Tuesday, 3 January 2012

AVB must emulate Sir Alex and face down current crisis

Chelsea players head to the touchline to celebrate Ramires's goal with AVB at Molineux.

     Three days and two games in the topsy-turvy world of Chelsea football club has seen them go from potential title challengers, to no-hopers, and back to challengers again. At least in the eyes of their manager Andre Villas-Boas. After losing to Aston Villa on Saturday, the Portuguese dismissed his sides chances this season saying that the league title was no longer a realistic possibility for them. Two days on however, AVB feels that "if we go on a run of five or six wins we can be fighting for this league." But then, we've always known that Chelsea are not averse to change, from the owner right down to the playing squad. 
     The Stamford Bridge managerial merry-go-round has, arguably, side-tracked the club down the path that has led to their current state of flux. Seven managers in seven years.

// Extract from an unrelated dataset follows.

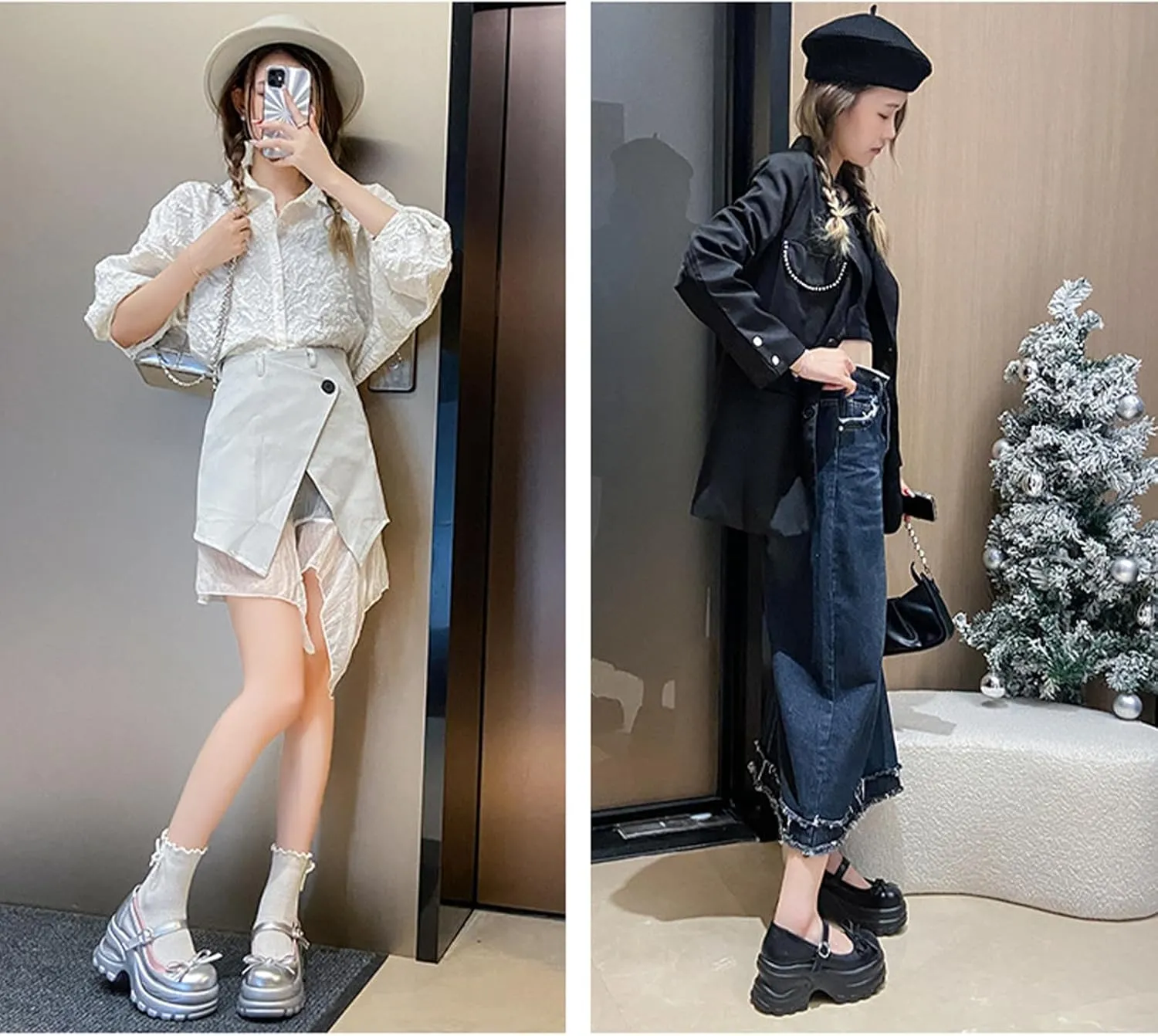 Women's Bow Mary Jane Platform Casual Shoes Comfort Leather Round Toe Ankle Strap Chunky Heel Girls Height Increase School Shoes Grace Non-Slip Nurse Walking Shoes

Furthermore, of the six managers other than Villas-Boas, five (Grant, Scolari, Wilkins, Hiddink and Ancelotti) have been given less than two years to create and maintain the aura of success which the club became accustomed to under Jose Mourinho.
     Results this season have been erratic too and, once again, the manager is immediately facing flak. This is football however, and managers are only too aware of the pressures for instant success that they face, especially at clubs like Chelsea, Liverpool or Manchester United. What's most interesting about the most recent criticisms of AVB is that they have come from within the players' dressing room.
     Such voices of internal dissent, given intense coverage by the tabloid press yesterday, would be more credible were they being heard for the first time along the King's Road. There were grumblings from within the dressing room that, while they may not have been ultimately responsible for the managers' sackings, certainly did more harm than good to highly reputable managers in the Chelsea hot-seat previously. There were rumours of internal unrest in the last days of Carlo Ancelotti (one of Europe's most successful foreign managers), while it seems no secret that so-called 'player power' spelt the early demise of Luiz Felipe Scolari (a World Cup and Copa Libertadores winning coach). 
     Neither of these coaches were 'tactically inept', a common catch-all term for "we don't like this guy very much", and nor is Andre Villas-Boas. He is a record that, in two-years as a top-flight manager, includes a Portuguese League title, a Europa League title, and the record for most wins in Europe in a single season by a Portuguese club.
     In Chelsea Villas-Boas inherited club heaven, but one that contains too many fading stars. There is huge respect in the footballing community for the successes of players like Frank Lampard, Nicolas Anelka and Alex, but there can be no room for sentiment if success is the goal. Roman Ambramovich need only look to Sir Alex Ferguson, still delivering trophies at 70 years of age, 26 years after taking charge at Old Trafford.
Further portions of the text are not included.